[WHAT THE TASK ASKS] In the records below, find the line that holds "Тиреотоксикоз". Restate it and every later line exactly, stopping at the end and skipping pictures.

━━ INFORMATION PROVIDED ━━

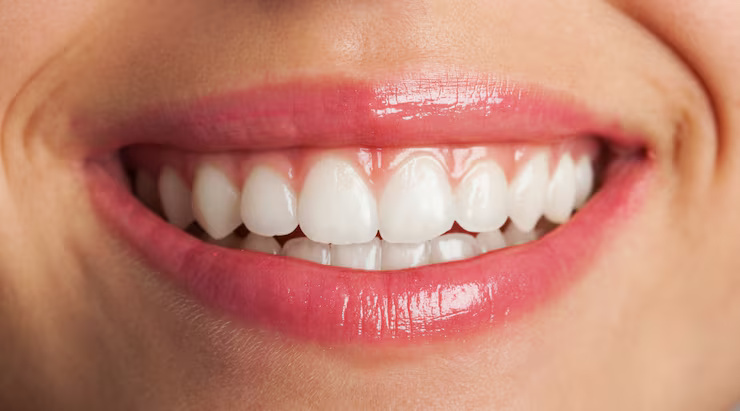 Dental Veneers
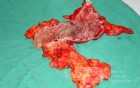 Severe case of Ischemic Colitis (16 of 19)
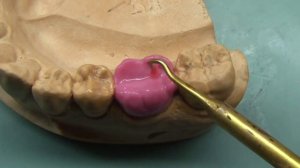 Dental Wax Up Molar 36 [Waxup Tutorial with explanation] for dental study and dental technician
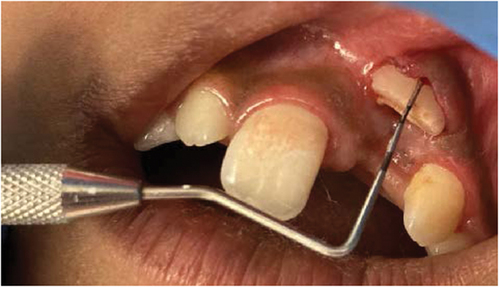 Figure 4. Appointment 2 after gingivectomy.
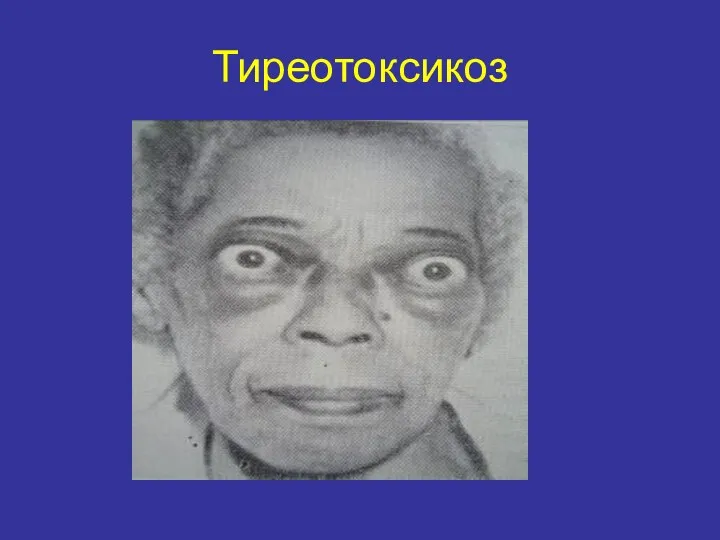 Тиреотоксикоз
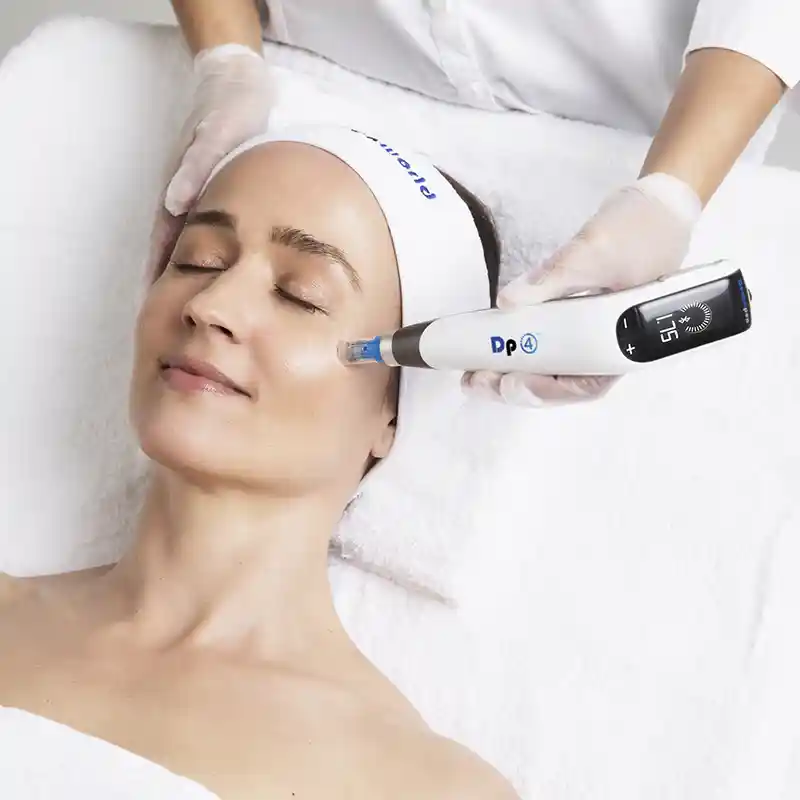 Indianapolis microneedling treatment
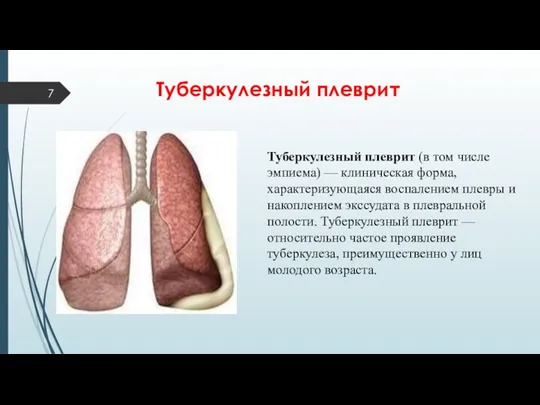 Туберкулезный плеврит Туберкулезный плеврит (в том числе эмпиема) — клиническая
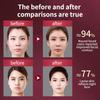 Facial Lifting Device LED Photon Therapy Facial Slimming Vibration Massager Double Chin V-shaped Cheek Lift Face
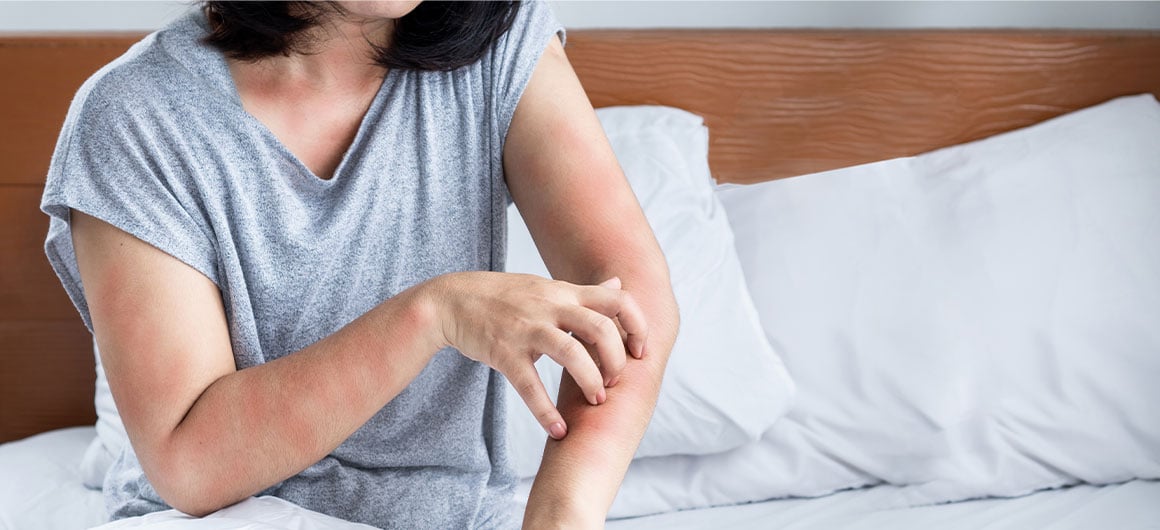 woman in bed scratching arm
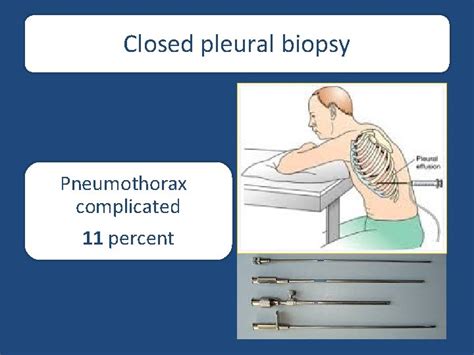 Pleural procedures Dr anan esmail parietal pleura supplied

━━━

[RESULT OF THIS EXERCISE]
 Тиреотоксикоз
 Indianapolis microneedling treatment
 Туберкулезный плеврит Туберкулезный плеврит (в том числе эмпиема) — клиническая
 Facial Lifting Device LED Photon Therapy Facial Slimming Vibration Massager Double Chin V-shaped Cheek Lift Face
 woman in bed scratching arm
 Pleural procedures Dr anan esmail parietal pleura supplied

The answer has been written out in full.